A decision table contains multiple condition columns and a conclusion column. As you read across the rows, you gain more information until you arrive at your answer in the final column.
You should apply this technique in situations such as the following:
When you need to make a set of complicated rules easier to understand
When you want to make the stakeholder review of business decisions more quickly and easily
When you want help in identifying missing conditions or conflicting conditions surrounding business logic
Keep these advantages of using decision tables in mind:
This technique helps you determine missing conditions (requirements). By breaking out the conditions, you not only show the known conditions but also expose the unknown conditions. If those unknown conditions have no conclusion, you have uncovered a missing requirement. For instance, what is the conclusion if a person has good employment history and no debt load?

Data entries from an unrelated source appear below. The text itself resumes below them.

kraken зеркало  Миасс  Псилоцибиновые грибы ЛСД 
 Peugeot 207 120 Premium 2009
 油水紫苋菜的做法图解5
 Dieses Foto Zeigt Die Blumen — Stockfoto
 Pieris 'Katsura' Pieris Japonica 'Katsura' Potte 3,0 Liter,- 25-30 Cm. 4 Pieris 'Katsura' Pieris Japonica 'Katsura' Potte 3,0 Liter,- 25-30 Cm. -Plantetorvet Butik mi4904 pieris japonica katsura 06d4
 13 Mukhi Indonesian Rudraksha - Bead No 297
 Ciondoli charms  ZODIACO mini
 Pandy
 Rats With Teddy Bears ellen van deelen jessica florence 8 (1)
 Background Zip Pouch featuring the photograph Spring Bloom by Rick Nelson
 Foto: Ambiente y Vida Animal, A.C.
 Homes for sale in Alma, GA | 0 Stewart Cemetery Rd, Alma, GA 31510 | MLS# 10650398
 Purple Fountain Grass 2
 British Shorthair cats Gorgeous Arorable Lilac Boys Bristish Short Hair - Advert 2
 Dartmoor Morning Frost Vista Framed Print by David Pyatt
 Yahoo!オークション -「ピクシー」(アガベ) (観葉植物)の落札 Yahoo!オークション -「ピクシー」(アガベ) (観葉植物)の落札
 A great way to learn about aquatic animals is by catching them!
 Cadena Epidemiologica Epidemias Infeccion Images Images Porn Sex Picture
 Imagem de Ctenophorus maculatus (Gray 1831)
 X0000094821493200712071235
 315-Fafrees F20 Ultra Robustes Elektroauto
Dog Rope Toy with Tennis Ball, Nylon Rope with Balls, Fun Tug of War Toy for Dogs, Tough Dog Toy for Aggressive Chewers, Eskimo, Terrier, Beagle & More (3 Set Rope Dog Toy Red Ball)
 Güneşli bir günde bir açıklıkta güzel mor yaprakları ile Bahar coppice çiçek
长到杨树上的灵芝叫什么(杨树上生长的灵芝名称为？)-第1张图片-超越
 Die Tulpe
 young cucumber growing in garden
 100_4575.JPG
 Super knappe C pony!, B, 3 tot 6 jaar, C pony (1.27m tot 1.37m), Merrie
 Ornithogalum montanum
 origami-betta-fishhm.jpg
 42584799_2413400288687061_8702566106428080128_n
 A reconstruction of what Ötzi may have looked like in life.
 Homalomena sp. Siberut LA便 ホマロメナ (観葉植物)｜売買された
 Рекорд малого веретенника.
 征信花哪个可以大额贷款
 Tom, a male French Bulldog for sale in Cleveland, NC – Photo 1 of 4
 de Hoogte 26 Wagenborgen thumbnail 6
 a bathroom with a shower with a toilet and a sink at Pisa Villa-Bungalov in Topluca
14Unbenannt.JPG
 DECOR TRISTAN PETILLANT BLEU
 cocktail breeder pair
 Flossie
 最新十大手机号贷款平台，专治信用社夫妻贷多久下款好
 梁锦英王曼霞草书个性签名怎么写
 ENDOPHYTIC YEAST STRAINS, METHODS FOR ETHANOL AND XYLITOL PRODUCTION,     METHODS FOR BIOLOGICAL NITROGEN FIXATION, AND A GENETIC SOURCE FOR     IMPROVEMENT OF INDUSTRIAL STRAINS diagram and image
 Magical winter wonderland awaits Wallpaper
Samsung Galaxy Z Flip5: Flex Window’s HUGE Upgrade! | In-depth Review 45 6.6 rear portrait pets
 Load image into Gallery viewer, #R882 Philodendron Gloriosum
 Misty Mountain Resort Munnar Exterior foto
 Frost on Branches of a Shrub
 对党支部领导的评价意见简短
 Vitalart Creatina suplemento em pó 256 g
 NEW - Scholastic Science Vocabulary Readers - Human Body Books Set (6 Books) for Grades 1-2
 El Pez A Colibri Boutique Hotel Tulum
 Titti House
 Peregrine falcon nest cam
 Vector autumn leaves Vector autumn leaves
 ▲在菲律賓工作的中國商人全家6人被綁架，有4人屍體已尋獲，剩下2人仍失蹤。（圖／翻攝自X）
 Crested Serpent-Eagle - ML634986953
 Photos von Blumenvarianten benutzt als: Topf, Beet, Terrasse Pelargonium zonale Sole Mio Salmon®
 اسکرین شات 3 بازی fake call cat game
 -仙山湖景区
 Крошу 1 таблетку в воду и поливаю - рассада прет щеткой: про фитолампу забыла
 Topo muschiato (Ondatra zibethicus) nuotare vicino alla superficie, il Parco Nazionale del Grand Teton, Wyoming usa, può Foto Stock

That condition hasn’t been identified.
Similarly, the example lists conditions for people with excellent employment histories and high, low, and nonexistent debt loads, but the Debt Load column also offers a value of Medium that isn’t accounted for in the excellent employment history category. This gap is an example of a missing condition (or requirement).
It’s also a good tool for developers and QA people because they can use the table to design and test the system very easily from the structure of this diagram.
Follow these steps to create a decision table:
Determine the decision you want to make.
In the example, that decision is assigning a person’s credit rating.
Figure out the variables you need answers to so that you can make that decision.
These variables — such as employment history and debt load — are your conditions.
Determine the valid values in each of the conditions.
By knowing all the valid values, you can figure out missing conclusions.
Determine where the data is coming from.
If the data comes from a different application, you may need another decision table to demonstrate what determines the values.
Set the decision from Step 1 as the last column heading and your conditions from Step 2 as the columns leading up to that.
Walk through the table, filling in the values (from Step 3) for each condition and drawing conclusions for each combination of the conditions.
You can see that if a person’s employment history is poor and his debt load is high, he receives a credit rating of D.